Saturday, November 12, 2016



Sen. Tom Cotton: President Trump and Republican Congress will begin new policy of resolve toward Tehran







WASHINGTON-Wall Street Journal, 11 Nov. 2016- Donald Trump as president will be positioned to swiftly pull the U.S. out of the Obama administration’s landmark nuclear agreement with Iran, as he suggested during his campaign…
Tehran has been found to have briefly violated its pledges twice since the deal was reached in mid-2015, according to U.S. and European officials. Yet international commitment to the agreement remains strong, and the parties who negotiated it—China, Russia, France, Germany, the U.K. and the U.S.—have pledged to promote it…
 “The agreement is valid only as long as all parties uphold it,” State Department spokesman Mark Toner said Wednesday.
On Wednesday, the United Nations ’ nuclear watchdog, the International Atomic Energy Agency, reported that Iran was in violation of one term of the nuclear deal, said U.S. and European officials…
Specifically, Tehran had accumulated an excess of heavy water, a key material for a nuclear-weapons program, in recent weeks, the IAEA concluded.
This marked the second time Iran was in excess of its heavy water commitment, U.S. and European officials said. 
Republicans said the Trump administration won’t make such concessions to Iran.
  “It’s no surprise that Iran is once again testing the limits of the nuclear deal to see what it can get away with,” said Sen. Tom Cotton of Arkansas. “In January, a President Trump and a Republican Congress will begin a new policy of resolve toward Iran’s ayatollahs.”
The Trump administration could point to issues such as heavy-water accumulation and ballistic-missile tests to argue to other nations that Iran isn’t in compliance. Some aides to Mr. Trump have suggested tougher U.S. enforcement of Iran’s commitments would force Tehran itself to pull out.
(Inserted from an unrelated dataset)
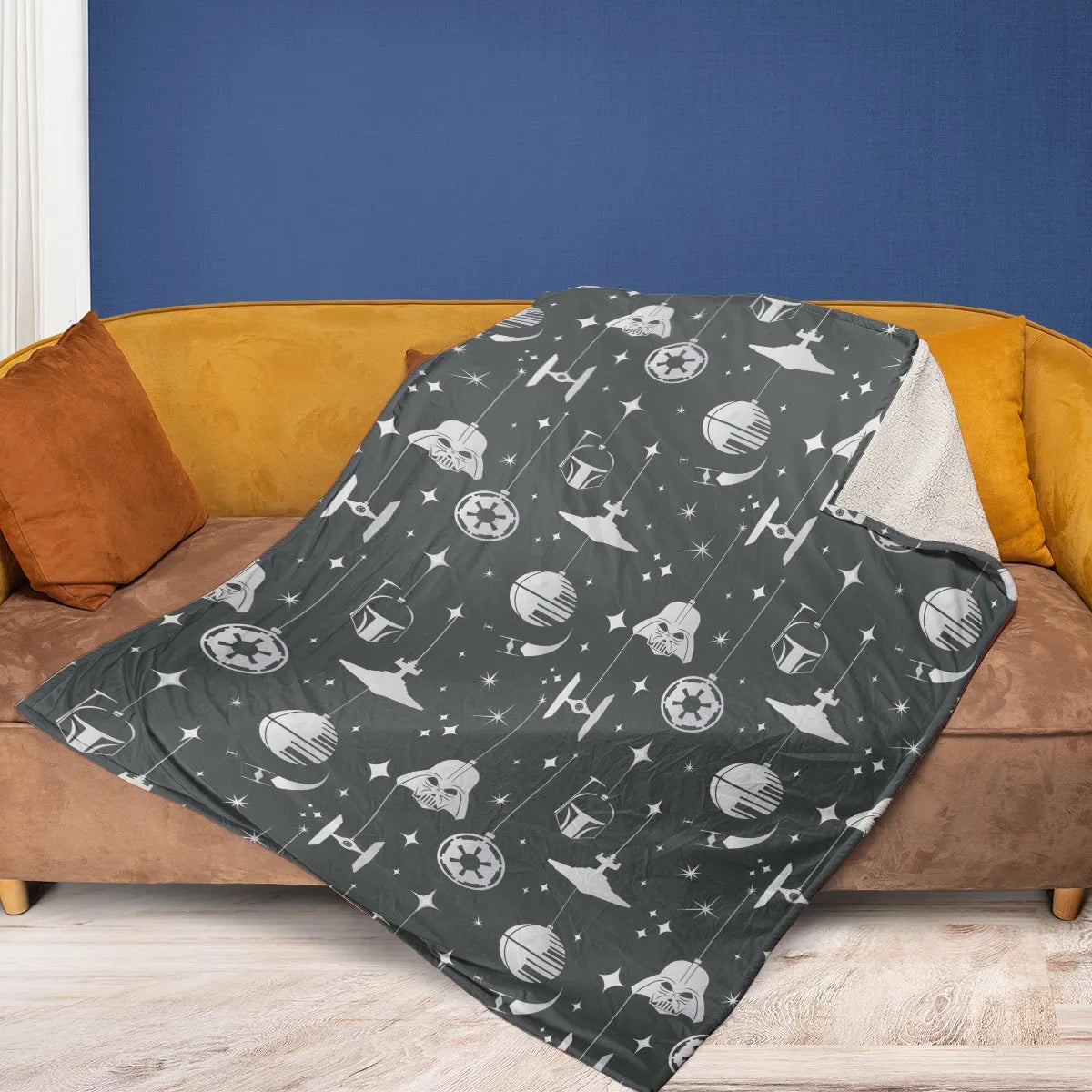 Dark Side Holiday Star Wars Fleece Blanket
Iran has much to gain from keeping the deal alive, and has complained that the U.S. hasn’t done enough to help it reap economic gains from the agreement. Tehran has said the U.S. has been slow to lift sanctions and encourage other countries to invest in Iran.
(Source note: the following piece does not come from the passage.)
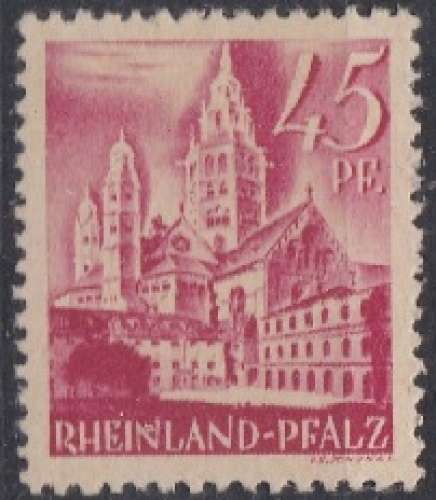 Rhénanie-Palatinat 1948 -1949 Différents motifs (H40)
Mr. Trump and other Republicans, however, have expressed little interest in aiding Iran’s reintegration into the global economy. And they have instead vowed to constrain Iran’s influence in its region.
“On top of Iran’s illicit development of ballistic missiles, its hostage-taking, and its regional aggression, this latest violation is another sign that Iran has been emboldened by President Obama’s concessions and weakness,” Mr. Cotton said.